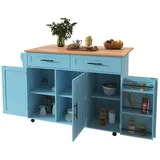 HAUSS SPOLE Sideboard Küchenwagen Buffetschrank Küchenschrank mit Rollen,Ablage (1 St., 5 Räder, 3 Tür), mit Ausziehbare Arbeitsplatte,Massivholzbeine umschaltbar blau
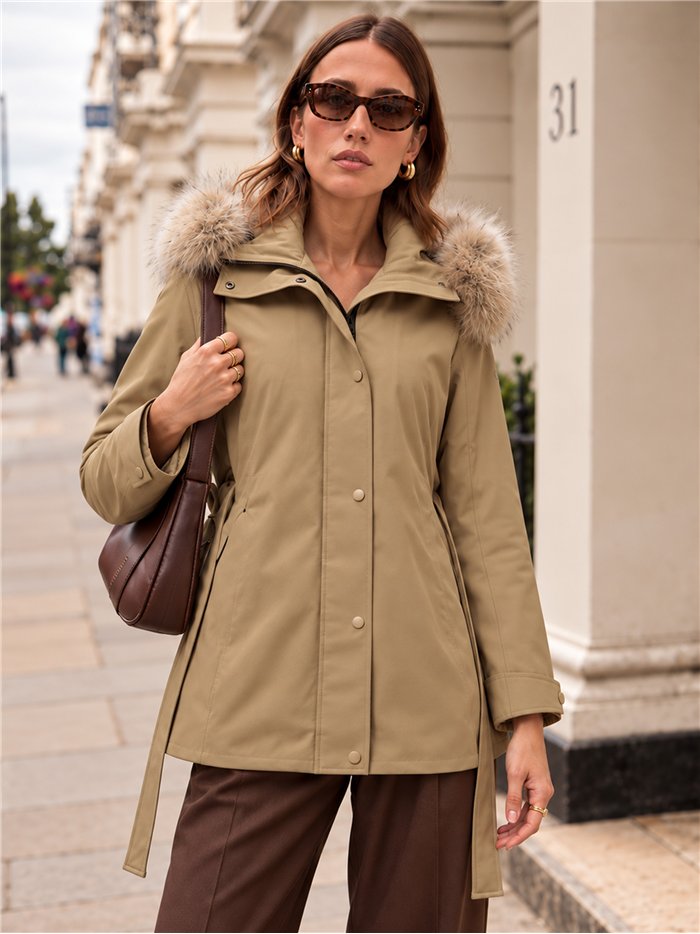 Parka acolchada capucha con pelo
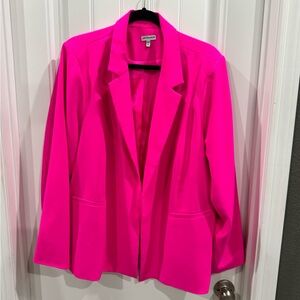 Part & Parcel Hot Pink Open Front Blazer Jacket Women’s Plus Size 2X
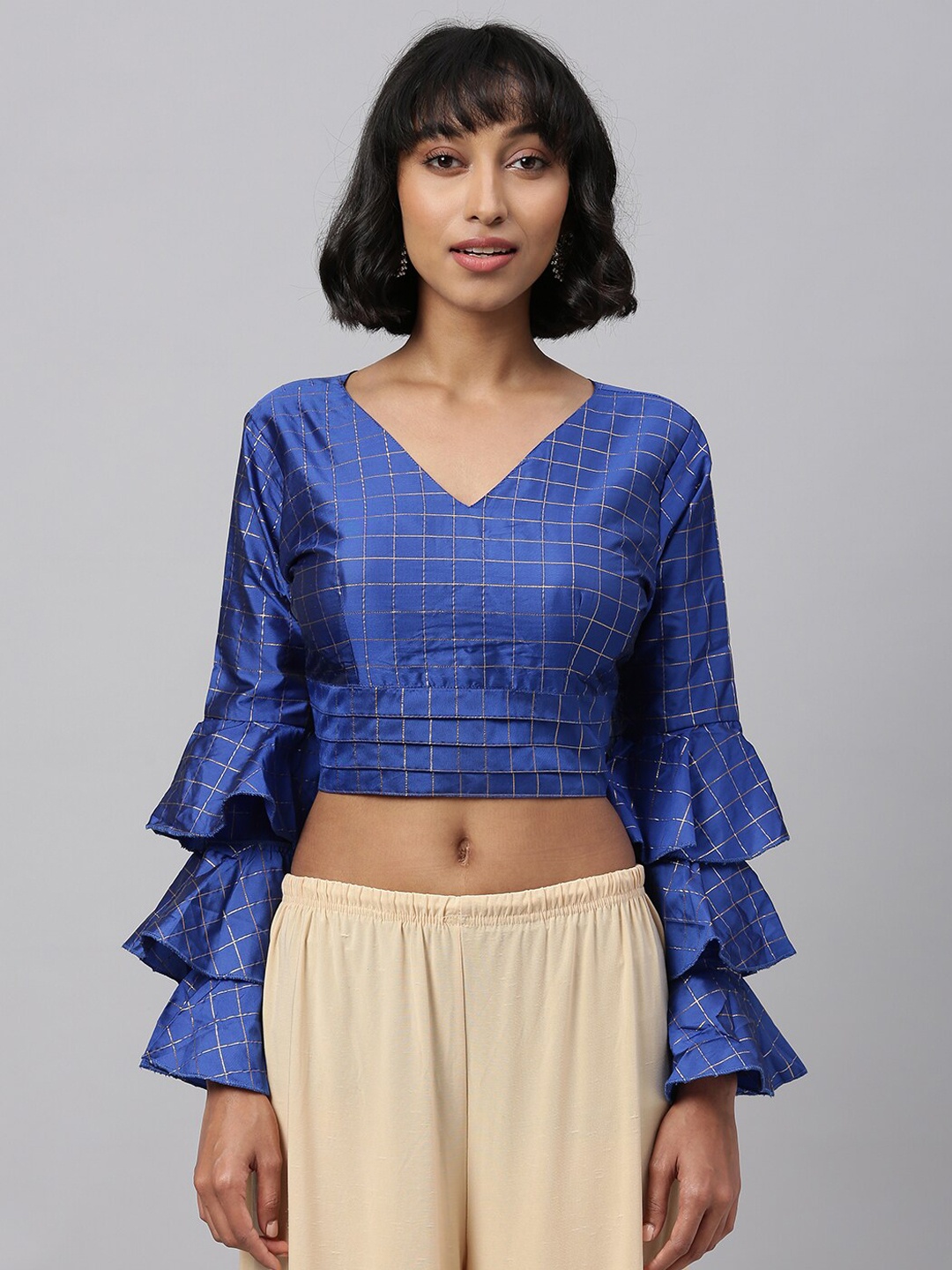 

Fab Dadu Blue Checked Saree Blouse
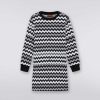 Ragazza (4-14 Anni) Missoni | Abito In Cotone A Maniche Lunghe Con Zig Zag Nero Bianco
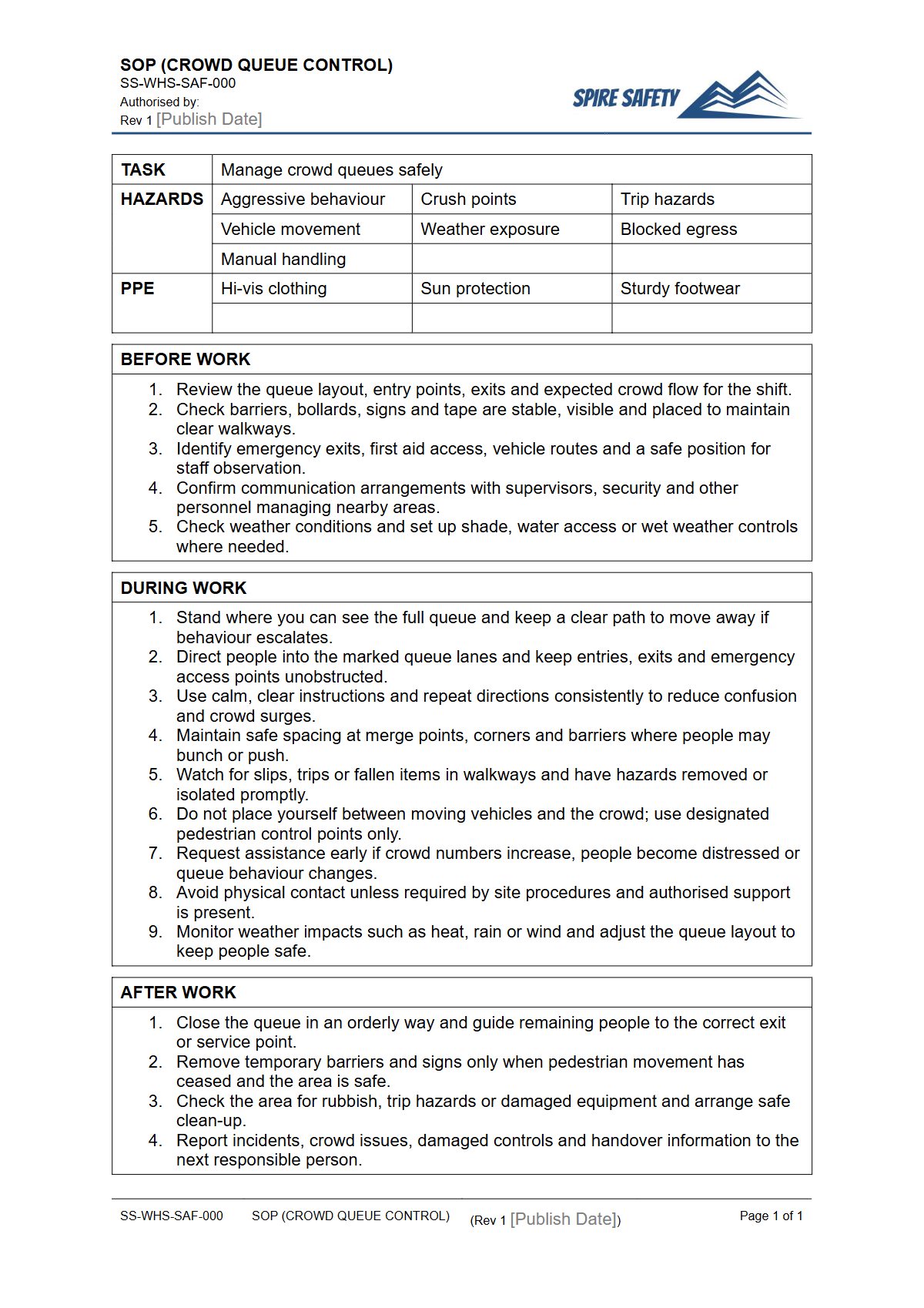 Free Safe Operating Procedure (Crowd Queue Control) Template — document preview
● ● ● ●
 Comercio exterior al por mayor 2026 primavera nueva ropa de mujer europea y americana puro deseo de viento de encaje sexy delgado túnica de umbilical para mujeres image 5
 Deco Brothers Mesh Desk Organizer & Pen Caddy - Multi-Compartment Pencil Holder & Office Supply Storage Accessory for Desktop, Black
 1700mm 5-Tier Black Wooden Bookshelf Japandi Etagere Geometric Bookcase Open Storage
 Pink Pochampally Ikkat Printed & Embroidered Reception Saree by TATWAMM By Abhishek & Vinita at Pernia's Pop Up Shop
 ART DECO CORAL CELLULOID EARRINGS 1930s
● ● ● ●
_ACTIVITY_: Once you have checked every line of the material above, return the ones that hold the string "Saree".

_SOLUTION TO THE EXERCISE_:
Fab Dadu Blue Checked Saree Blouse
 Pink Pochampally Ikkat Printed & Embroidered Reception Saree by TATWAMM By Abhishek & Vinita at Pernia's Pop Up Shop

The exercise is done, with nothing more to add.